What’s a debt-to-income ratio, and why you need a low one to buy a home


This article is too good not to be shared so it’s copied from The Washington Post.

When it comes to qualifying for a loan to buy a home or to refinance your mortgage, there are plenty of numbers to consider, such as your credit score and the appraised home value. Perhaps one of the most important numbers is your debt-to-income (DTI) ratio, which compares the minimum payments on all debt you must make each month with your gross monthly income.

“The DTI ratio is one of the most important considerations lenders take into account when evaluating the risk associated with a borrower taking on another payment,” says Paul Buege, president and chief operating officer of Inlanta Mortgage in Pewaukee, Wis. “The lower the DTI ratio a borrower has, the more confident the lender is about getting paid on time in the future based on the loan terms.”

It’s not just the lender who benefits from knowing your DTI, says Buege.

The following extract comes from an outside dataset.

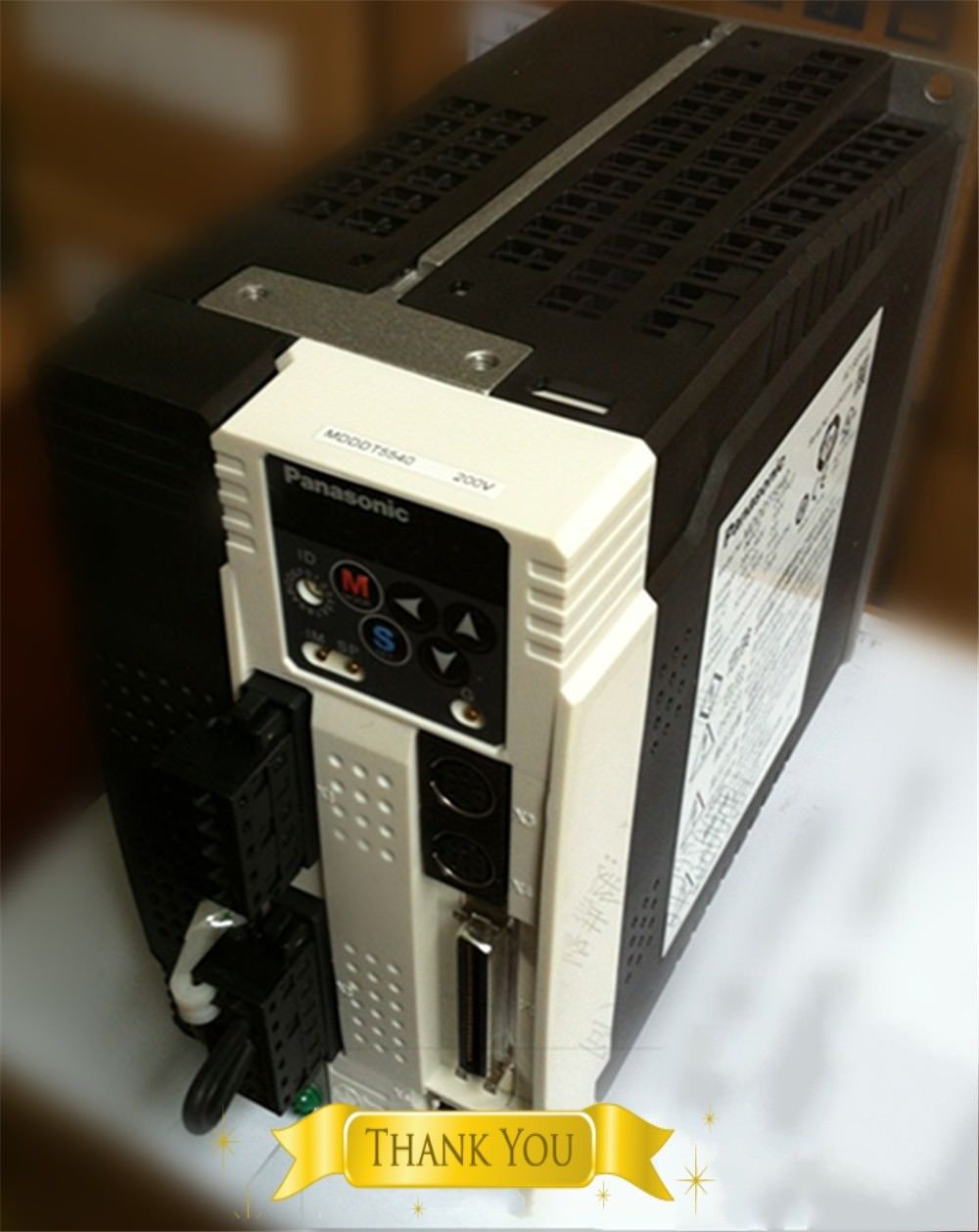 NEU PANASONIC AC-Servoantrieb MDDDT5540 im Karton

“Calculating your DTI ratio can help you determine how comfortable you are with your current debt and whether you have enough income to take on a mortgage payment,” he says.

Your DTI tells a lender what percentage of your income is being consumed by debts, says Joseph Mayhew, chief credit officer of Evolve Mortgage Services in Frisco, Tex.

“Lenders like to see low DTI ratios because it means a borrower has excess income to cover unforeseen emergencies and to save for a rainy day,” says Mayhew. “As DTI ratios go higher, lenders become less willing to lend. In the eyes of a mortgage lender, a high DTI can signify poor credit management, living beyond your means and difficulty saving money for the future.”

How to calculate your DTI

A simple DTI calculation is to divide your total monthly obligations by your total monthly income to generate a percentage, says Mayhew. For example, if your total monthly debts are $1,000 and your total monthly income is $4,000, your DTI would be 25 percent.

However, not every monthly bill is included in your DTI.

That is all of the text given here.